SEN. TIM KAINE: That’s shared.

GOV. MIKE PENCE: But, for me, I would tell you that, for me, the sanctity of life proceeds out of the belief that that ancient principle that—where God says, “Before you were formed in the womb, I knew you.” And so, for my first time in public life, I’ve sought to stand with great compassion for the sanctity of life.

The state of Indiana has also sought to make sure that we expand alternatives in healthcare counseling for women, non-abortion alternatives. I’m also very pleased at the fact we’re well on our way in Indiana to becoming the most pro-adoption state in America. I think if you’re going to be pro-life, you should—you should be pro- adoption.

But what I can’t understand is with Hillary Clinton, and now Senator Kaine at her side, is to support a practice like partial-birth abortion. I mean, to hold to the view—and I know, Senator Kaine, you hold pro-life views personally, but the very idea that a child that is almost born into the world could still have their life taken from them is just anathema to me.
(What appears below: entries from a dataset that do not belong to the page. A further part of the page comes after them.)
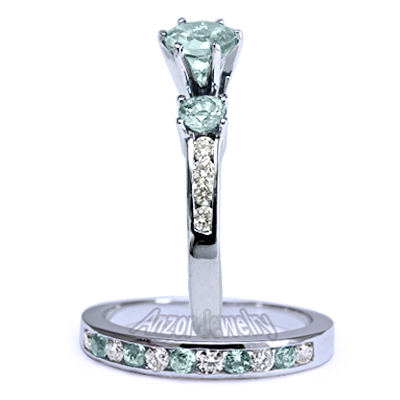 14k Gold Aquamarine Diamond Engagement Ring Set R1432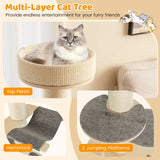 Multi-level Wooden Cat Tower with Thickened Sisal Scratching Posts for Indoor Cats-Grey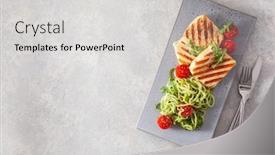  Presentation with ketogenic diet - Colorful PPT theme enhanced with ketogenic-paleo-diet-lunch-halloumi backdrop and a light gray colored foreground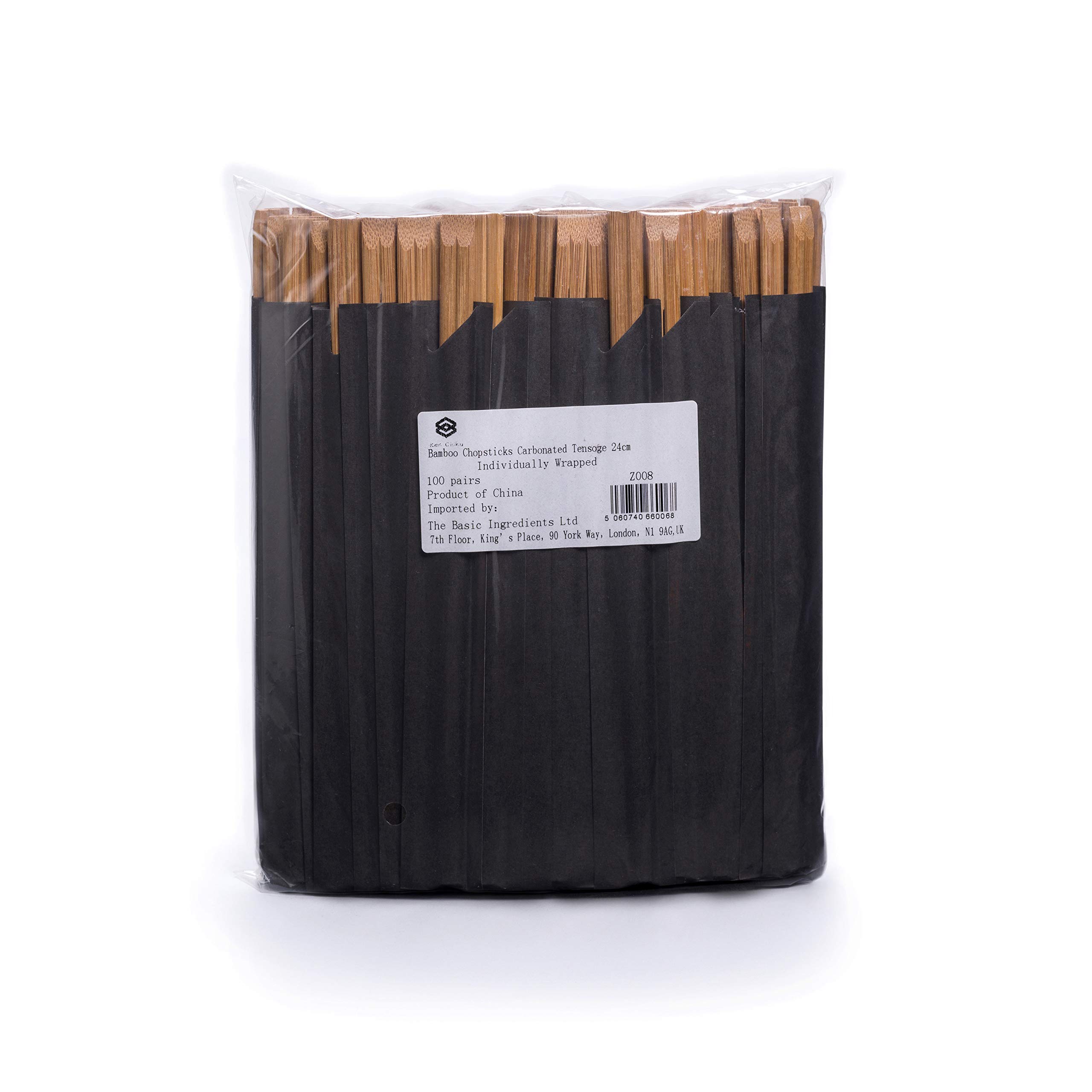 Bamboo Chopsticks Tensoge Carbonized 24cm - 100 pairs | Sustainable Bamboo | Individually Wrapped | Japanese Hashi | Ohashi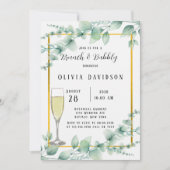 Rustic Sage Green Greenery Gold Brunch & Bubble Kaart (Voorkant)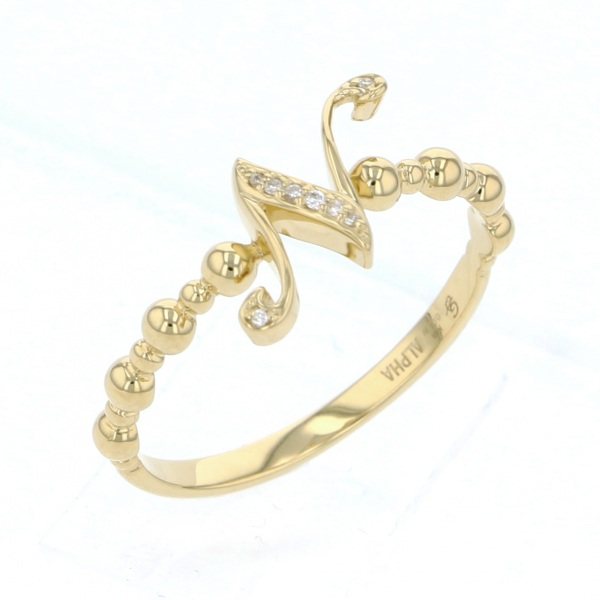 yukizaki alpha-PUTTS Snowy Alpha Petit [Made-to-order products] Initial ring [N] [Genuine] y.alpha.putite.1.6.n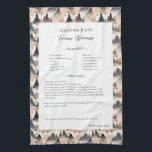 Family Recipe Heirloom Mountain Trees Kitchen Towel<br><div class="desc">Keepsake family recipe tea towel. Share uncle Jim's chili recipe or great aunt Aggie's all time favourite thanksgiving casserole dish. Elegant and simple template design can easily be adjusted to share your family recipes as mother's day, birthday, or Christmas gifts. Custom family name with initials. Colours can be changed. Great...</div>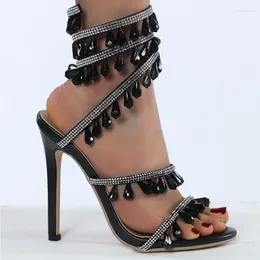 Sandals Plus Size 41 Summer Pumps For Women Party Shoes Solid Woman 11cm High Heels Sexy Club Female Catwalk Sandale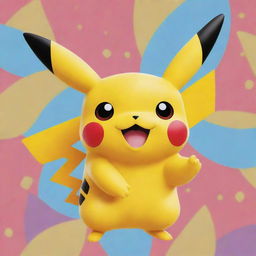 A lively, cartoonish rendition of Pikachu from Pokémon, capturing the character's charm and bubbly personality in bright, eye-catching colors.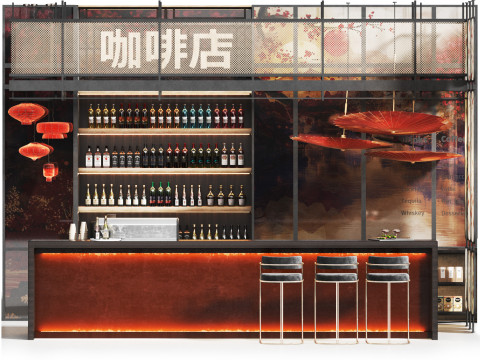 Chinese Cafe Restaurant 3D Model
And I cannot—I can’t conscience about—about a party that supports that, or that—I know you’ve historically opposed taxpayer funding of abortion. But Hillary Clinton wants to—wants to repeal the long-standing provision in the law where we said we wouldn’t use taxpayer dollars to fund abortion.

So, for me, my faith informs my life. I try and spend a little time on my knees every day. But it all, for me, begins with cherishing the dignity, the worth, the value of every human life.

SEN. TIM KAINE: Elaine, this is a fundamental question, a fundamental question. Hillary and I are both people out of religious backgrounds. Her Methodist Church experience was really formative for her as a public servant. But we really feel like you should live fully and with enthusiasm the commands of your faith. But it is not the role of the public servant to mandate that for everybody else.

So let’s talk about abortion and choice. Let’s talk about them. We support Roe v. Wade. We support the constitutional right of American women to consult their own conscience, their own supportive partner, their own minister, but then make their own decision about pregnancy. That’s something we trust American women to do that.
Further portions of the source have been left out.